Opponents also like to say that the train fares will be unaffordable. According to the state Department of Transportation, one-way fares will be between $20 and $30 for the ride from Madison to Milwaukee. Compare that to the cost of driving. Using federal reimbursement rates for mileage, driving the 78 miles between Madison and Milwaukee costs $39. That means taking rail saves between $9 and $19 each trip. It saves a lot more for someone in Madison taking the train to Mitchell International Airport to catch a flight due to the saved costs of parking. And it will boost traffic at Mitchell.
It seems like there’s a lot of rage over just 4 cents out of every $54.

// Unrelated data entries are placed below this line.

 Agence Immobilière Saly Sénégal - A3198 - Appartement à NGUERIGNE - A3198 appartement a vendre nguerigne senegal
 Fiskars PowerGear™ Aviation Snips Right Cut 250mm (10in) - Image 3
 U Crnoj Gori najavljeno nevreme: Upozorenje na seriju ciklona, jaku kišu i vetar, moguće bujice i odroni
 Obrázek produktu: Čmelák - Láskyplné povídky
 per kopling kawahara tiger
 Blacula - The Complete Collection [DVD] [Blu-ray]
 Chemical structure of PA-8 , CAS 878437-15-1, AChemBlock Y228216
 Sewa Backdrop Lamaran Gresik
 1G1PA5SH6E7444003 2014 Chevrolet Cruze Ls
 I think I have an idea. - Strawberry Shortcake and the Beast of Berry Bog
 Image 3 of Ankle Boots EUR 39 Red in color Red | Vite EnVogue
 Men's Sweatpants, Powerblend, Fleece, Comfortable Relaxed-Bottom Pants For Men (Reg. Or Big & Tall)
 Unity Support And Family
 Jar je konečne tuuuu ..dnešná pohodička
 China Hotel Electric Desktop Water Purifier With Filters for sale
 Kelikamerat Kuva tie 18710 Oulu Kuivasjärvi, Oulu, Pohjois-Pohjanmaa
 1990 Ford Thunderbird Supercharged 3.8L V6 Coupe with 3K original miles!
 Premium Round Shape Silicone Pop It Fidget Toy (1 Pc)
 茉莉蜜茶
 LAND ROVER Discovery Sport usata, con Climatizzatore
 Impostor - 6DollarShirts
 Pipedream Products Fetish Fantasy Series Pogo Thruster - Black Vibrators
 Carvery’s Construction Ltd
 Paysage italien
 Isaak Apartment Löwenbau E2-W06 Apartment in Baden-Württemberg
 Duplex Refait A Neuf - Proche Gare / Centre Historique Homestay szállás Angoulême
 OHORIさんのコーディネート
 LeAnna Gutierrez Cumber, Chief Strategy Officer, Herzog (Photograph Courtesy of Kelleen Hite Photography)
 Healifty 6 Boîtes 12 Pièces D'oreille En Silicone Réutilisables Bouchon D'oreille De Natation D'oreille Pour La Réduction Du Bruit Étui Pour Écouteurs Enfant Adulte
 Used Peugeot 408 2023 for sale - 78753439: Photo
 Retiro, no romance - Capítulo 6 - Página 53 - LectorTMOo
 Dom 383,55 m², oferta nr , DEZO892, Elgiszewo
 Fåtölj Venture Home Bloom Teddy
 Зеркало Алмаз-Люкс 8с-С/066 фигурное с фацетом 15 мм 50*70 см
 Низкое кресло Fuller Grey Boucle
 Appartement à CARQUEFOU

The real issue seems to center on divisive politics: Since most people won’t ride the train, let’s not build it. Imagine if that argument really took hold on other issues. Most people in Wisconsin won’t use the Zoo Interchange, so let’s save $2 billion and not rebuild it. Most people in Wisconsin won’t drive on I-39 between Madison and Janesville, so let’s save a billion dollars by not building that. The argument can be extended to schools, libraries and other public services that we can’t afford to lose.
Wisconsin needs smart investments to grow and to be competitive with other states and other regions. Passenger rail is one of those investments. Passenger rail serves those who would rather relax - or work - on intercity trips. Rail stations attract development that adds value to host communities. Rail becomes an attractive option to driving as gas prices rise. Rail provides mobility to those who cannot drive.
Passenger rail has been a priority for many leaders in Wisconsin’s business community for decades. It has also been a priority for one of Wisconsin’s most irrepressible cheerleaders, former Republican Gov. Tommy Thompson—proving that rail does not have to be a partisan issue.
Sadly, opponents to rail are more interested in creating wedge issues than looking at the real potential of rail service. Otherwise, they would look at the 4-cent investment of a $54 purchase through a different lens.
It’s time to stop the bickering and move ahead with an eye on Wisconsin’s future.
Steve Hiniker is executive director of 1000 Friends of Wisconsin.